Chatbot doesn’t understand the questions or has very limited access to answers (data). This makes for a terrible bot experience for users. Make sure to set up your bot in a way that it can answer questions.
The dialogue only follows rigid patterns, but cannot do anything with differently asked questions or comments, and is then stuck in an endless loop. Find happy flows that will smoothly allow your bot to ask for more information in different ways.
Key Insights
Our research revealed that the most effective chatbot experiences are those that prioritize simplicity, clarity, and intuitive navigation. Users expect interactions to feel dynamic and engaging, rather than static or overly scripted. A critical factor in success is the chatbot’s ability to understand natural language variations and accurately interpret user intent, rather than relying on rigid keyword-based responses. Additionally, context-aware interactions significantly improve relevance and user satisfaction, while guided elements such as prompts and clickable options help reduce friction and support smoother decision-making. Overall, chatbot experiences that balance flexibility with structure tend to deliver the highest engagement and usability.
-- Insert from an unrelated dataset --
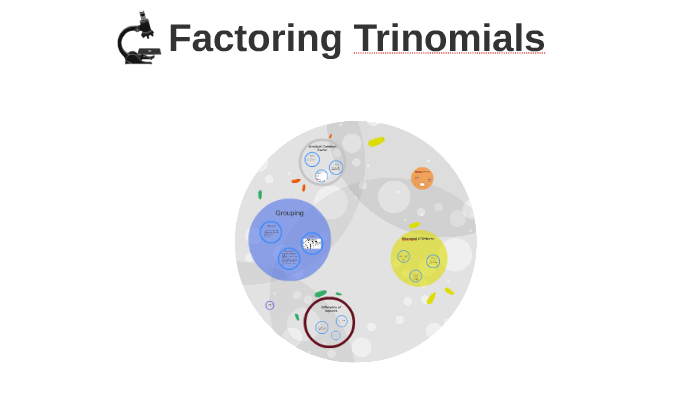 Factoring Trinomials By Kennede Earle On Prezi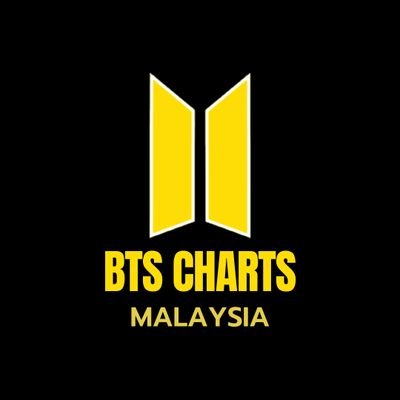 Chart updates for @BTS_twt in Malaysia. New track, My Universe by Coldplay & BTS out now!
Chatbots fail to understand user intent, leading to repeated errors
User Frustrations
Systems often reset before resolution, they feel robotic and lack personality
Lack of human handoff creates frustration during complex queries
Users get stuck in looped conversations with no resolution
Trade-offs & Constraints
Balancing advanced AI capabilities with existing tech stack limitations
Aligning multiple stakeholders with competing priorities
Designing scalable solutions across fragmented systems
UX Strategy & Recommendations
Designed scalable conversational flow frameworks
Proposed integration of AI capabilities such as semantic search and sentiment analysis
Defined chatbot interaction patterns for improved usability
Recommended contextual entry points within high-friction user journeys
Developed a future-state vision for enterprise chatbot experiences
Impact
Identified key gaps across existing implementations
Influenced future roadmap and investment decisions
Improved alignment across business and technology teams
Design Principles
Design for flexibility, not rigid flows
Enable seamless human handoff for complex queries
Prioritize clarity and guided interactions
Introduce conversational tone and personality
Leverage context and user intent to personalize responses
I created a series of supporting visuals to clearly communicate the chatbot experience and underlying ecosystem. This included a conversation flow diagram mapping the user journey from intent recognition to bot response, fallback handling, and seamless human handoff.
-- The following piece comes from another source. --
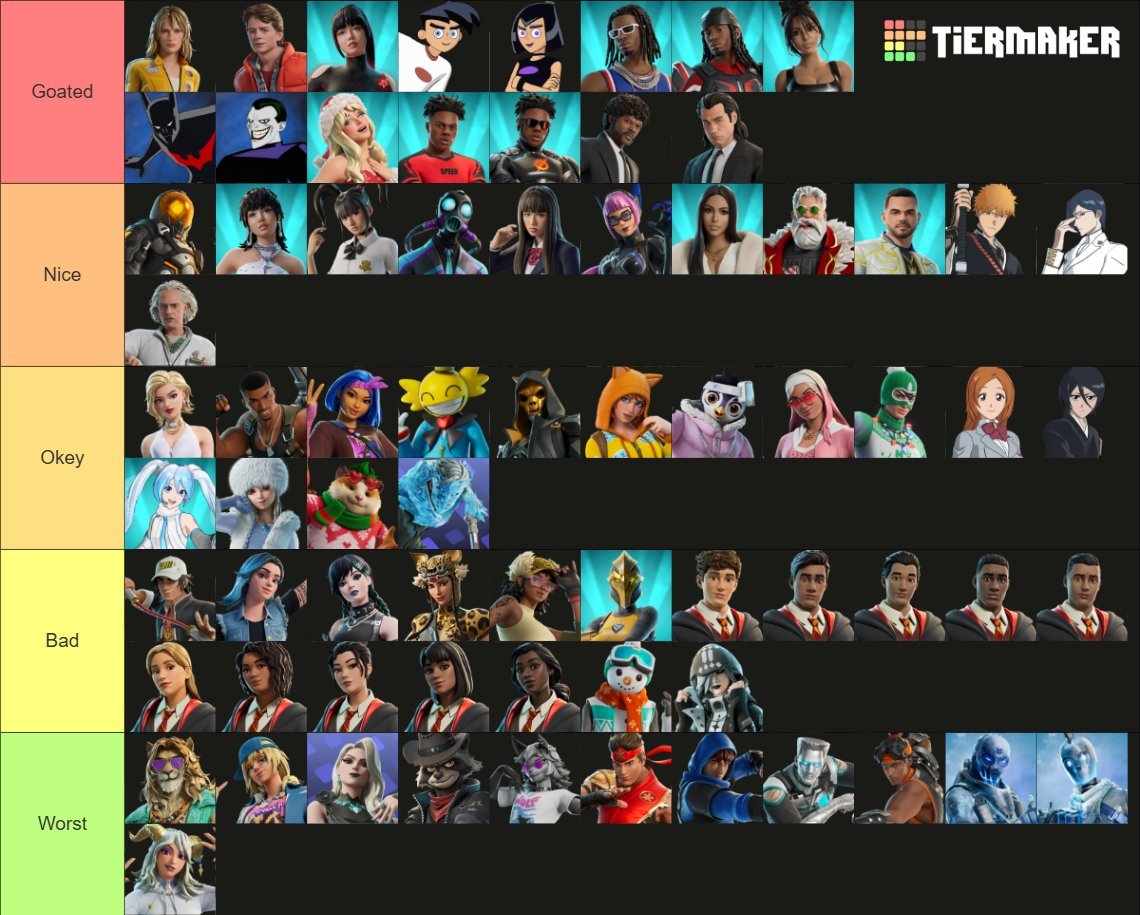Fortnite Chapter 7 Season 1 Skins Tierlist (good takes)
I also designed a before-and-after comparison to highlight the shift from rigid, loop-based interactions to a more flexible, guided experience.
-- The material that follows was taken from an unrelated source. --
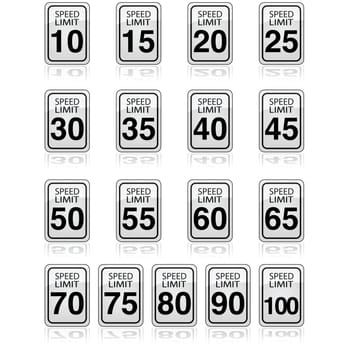 Collection of traffic signs showing different speed limits allowed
Additionally, our team developed an enterprise chatbot ecosystem framework illustrating how different layers of channels, AI capabilities, data infrastructure, and human support work together to deliver a cohesive and scalable solution. These visuals helped translate complex concepts into clear, digestible insights for stakeholders.
AI - Capabilities that are Required
Sentiment analysis
Determining the sentiment behind a phrase
Summarization
Expressing the most important facts of a text
Semantic search
Applying user intent the meaning to find the right content
Question answering
Answer questions posed in a natural language
Speech recognition
AI machine is able to process speech audio
Machine translation
The translation of one language to another by a machine
Opportunities for AI capabilities
Reflection
This project highlighted the importance of designing chatbots as part of a broader ecosystem rather than standalone tools. If I were to take this further, I would focus on validating solutions through usability testing and measuring real user impact post-implementation.